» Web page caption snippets

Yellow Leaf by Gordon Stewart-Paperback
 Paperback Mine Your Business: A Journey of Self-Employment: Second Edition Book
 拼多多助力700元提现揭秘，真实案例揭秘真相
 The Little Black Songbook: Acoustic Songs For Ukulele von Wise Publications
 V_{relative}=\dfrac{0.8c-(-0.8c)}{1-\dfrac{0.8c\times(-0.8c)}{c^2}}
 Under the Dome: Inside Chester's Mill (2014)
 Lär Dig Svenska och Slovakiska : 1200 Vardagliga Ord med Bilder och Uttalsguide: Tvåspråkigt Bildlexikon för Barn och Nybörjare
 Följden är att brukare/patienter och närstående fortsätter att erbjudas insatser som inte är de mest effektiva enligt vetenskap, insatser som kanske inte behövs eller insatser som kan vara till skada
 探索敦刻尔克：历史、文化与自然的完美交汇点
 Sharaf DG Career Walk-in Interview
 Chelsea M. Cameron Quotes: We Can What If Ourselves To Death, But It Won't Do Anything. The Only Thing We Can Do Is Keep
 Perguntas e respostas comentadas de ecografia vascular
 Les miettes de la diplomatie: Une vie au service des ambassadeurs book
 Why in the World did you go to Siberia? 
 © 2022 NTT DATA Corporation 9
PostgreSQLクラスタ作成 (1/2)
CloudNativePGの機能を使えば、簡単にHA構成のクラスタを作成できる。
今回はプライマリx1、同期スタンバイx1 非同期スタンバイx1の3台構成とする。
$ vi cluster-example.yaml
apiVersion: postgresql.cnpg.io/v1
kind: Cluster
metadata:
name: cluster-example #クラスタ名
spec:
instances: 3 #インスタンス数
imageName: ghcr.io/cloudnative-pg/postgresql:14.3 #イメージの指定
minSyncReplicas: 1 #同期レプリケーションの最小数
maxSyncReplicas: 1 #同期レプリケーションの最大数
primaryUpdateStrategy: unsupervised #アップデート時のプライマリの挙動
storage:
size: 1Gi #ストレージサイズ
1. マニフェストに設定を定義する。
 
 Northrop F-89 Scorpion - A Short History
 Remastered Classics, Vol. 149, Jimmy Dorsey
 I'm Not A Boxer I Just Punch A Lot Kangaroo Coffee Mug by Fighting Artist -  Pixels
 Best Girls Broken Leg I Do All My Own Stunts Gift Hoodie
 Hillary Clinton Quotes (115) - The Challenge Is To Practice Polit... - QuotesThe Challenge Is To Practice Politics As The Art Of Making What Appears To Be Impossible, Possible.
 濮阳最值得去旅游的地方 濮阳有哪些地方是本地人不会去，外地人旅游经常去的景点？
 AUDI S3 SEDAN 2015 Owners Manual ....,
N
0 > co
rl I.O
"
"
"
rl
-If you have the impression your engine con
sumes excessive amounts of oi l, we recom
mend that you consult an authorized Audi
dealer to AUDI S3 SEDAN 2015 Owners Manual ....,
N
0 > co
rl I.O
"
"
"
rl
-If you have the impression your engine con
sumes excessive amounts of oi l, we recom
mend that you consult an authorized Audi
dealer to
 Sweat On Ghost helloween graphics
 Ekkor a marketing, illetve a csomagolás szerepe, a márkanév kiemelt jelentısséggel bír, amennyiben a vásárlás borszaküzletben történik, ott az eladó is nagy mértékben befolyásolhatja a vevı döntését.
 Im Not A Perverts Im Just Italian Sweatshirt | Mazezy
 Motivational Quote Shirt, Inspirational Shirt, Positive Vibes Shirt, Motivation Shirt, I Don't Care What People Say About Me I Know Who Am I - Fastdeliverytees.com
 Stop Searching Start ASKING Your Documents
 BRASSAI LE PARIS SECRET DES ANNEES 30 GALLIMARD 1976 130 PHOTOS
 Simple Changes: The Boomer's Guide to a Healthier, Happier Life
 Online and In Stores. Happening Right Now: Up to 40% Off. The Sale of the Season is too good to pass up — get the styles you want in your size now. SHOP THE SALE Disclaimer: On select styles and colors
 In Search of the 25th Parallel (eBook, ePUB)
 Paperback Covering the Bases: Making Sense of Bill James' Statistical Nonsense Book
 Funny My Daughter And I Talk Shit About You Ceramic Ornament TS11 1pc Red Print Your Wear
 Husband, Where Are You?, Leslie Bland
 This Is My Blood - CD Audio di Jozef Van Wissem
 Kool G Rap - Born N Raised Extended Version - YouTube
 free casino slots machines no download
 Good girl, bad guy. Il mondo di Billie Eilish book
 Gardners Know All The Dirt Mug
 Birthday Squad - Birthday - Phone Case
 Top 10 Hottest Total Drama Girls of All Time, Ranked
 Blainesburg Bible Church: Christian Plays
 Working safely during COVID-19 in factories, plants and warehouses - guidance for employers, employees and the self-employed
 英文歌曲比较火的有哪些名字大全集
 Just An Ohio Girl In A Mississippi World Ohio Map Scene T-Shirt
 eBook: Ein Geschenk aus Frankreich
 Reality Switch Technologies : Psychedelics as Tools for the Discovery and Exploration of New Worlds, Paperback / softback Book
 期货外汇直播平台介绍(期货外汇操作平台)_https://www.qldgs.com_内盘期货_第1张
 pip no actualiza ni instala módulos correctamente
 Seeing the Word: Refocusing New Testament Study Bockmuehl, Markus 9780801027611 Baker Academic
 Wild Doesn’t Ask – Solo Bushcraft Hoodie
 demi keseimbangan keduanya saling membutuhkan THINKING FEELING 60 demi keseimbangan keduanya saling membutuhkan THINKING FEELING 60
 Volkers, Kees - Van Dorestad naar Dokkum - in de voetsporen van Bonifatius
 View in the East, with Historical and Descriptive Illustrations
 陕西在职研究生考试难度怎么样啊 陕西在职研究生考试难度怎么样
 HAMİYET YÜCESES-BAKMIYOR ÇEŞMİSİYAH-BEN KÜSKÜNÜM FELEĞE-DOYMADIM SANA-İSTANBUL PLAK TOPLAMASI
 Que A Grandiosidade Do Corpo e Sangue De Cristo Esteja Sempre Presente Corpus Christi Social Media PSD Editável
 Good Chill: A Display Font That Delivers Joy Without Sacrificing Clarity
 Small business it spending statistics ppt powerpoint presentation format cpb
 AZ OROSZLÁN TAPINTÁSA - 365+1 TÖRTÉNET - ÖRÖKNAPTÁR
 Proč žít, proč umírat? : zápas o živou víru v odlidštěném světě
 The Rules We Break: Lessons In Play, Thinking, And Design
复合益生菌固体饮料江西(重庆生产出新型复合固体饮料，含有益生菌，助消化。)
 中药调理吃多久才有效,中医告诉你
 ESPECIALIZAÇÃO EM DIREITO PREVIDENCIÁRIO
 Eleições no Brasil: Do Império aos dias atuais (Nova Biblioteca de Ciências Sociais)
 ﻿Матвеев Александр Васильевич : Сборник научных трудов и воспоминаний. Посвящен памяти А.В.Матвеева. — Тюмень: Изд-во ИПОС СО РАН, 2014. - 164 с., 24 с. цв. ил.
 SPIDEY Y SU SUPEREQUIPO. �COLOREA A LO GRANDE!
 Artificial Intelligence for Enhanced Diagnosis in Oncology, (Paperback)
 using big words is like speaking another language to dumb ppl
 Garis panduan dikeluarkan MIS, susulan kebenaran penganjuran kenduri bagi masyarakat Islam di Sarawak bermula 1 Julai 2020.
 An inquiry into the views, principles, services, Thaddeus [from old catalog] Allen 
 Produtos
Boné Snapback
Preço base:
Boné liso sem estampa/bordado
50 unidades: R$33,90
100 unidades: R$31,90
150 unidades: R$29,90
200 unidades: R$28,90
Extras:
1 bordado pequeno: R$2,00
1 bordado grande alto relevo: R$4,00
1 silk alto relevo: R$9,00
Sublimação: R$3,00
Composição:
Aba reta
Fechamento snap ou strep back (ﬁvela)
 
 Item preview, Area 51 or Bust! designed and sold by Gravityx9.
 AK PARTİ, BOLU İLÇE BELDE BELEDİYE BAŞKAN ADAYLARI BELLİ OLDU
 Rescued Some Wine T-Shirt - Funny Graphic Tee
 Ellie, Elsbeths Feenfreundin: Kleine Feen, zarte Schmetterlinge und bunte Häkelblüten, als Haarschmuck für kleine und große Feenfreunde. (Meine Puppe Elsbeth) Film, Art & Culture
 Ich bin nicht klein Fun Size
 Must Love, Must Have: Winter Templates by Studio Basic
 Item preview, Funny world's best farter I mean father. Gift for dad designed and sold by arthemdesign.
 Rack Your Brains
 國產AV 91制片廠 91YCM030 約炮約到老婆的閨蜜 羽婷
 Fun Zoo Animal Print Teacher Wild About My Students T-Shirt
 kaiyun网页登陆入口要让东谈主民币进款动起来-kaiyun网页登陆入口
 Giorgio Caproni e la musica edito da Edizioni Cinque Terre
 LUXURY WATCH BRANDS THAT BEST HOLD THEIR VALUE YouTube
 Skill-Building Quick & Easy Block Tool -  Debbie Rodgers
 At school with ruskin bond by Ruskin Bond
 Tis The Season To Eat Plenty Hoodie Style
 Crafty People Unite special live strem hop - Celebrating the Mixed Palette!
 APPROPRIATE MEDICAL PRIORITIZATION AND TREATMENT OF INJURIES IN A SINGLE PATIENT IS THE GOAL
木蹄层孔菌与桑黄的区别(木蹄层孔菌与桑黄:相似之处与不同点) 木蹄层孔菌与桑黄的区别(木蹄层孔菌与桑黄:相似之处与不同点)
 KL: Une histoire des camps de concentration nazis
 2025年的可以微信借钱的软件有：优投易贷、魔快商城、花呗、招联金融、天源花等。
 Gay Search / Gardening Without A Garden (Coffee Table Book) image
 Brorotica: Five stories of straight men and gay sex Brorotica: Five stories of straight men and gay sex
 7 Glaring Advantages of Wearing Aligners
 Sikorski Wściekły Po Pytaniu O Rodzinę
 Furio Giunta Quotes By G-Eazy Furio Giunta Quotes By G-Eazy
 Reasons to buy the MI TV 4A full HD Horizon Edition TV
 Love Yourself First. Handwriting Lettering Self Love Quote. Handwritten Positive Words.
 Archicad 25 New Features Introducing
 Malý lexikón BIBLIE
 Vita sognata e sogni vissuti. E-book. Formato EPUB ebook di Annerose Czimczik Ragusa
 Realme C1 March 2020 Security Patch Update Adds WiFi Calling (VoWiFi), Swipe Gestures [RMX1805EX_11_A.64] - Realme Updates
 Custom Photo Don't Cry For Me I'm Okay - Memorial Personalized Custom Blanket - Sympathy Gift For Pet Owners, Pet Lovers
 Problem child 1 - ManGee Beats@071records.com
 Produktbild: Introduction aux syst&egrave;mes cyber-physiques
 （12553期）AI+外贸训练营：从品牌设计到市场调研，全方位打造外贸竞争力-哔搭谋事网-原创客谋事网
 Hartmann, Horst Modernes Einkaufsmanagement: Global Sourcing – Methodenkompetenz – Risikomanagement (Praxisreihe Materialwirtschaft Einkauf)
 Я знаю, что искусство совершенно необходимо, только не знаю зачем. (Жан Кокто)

» Exercise brief
Retype, exactly as written, each line from the one that has "Custom Photo Don't" to the bottom of the entries above, and include both of those lines.

» Exercise answer
 Custom Photo Don't Cry For Me I'm Okay - Memorial Personalized Custom Blanket - Sympathy Gift For Pet Owners, Pet Lovers
 Problem child 1 - ManGee Beats@071records.com
 Produktbild: Introduction aux syst&egrave;mes cyber-physiques
 （12553期）AI+外贸训练营：从品牌设计到市场调研，全方位打造外贸竞争力-哔搭谋事网-原创客谋事网
 Hartmann, Horst Modernes Einkaufsmanagement: Global Sourcing – Methodenkompetenz – Risikomanagement (Praxisreihe Materialwirtschaft Einkauf)
 Я знаю, что искусство совершенно необходимо, только не знаю зачем. (Жан Кокто)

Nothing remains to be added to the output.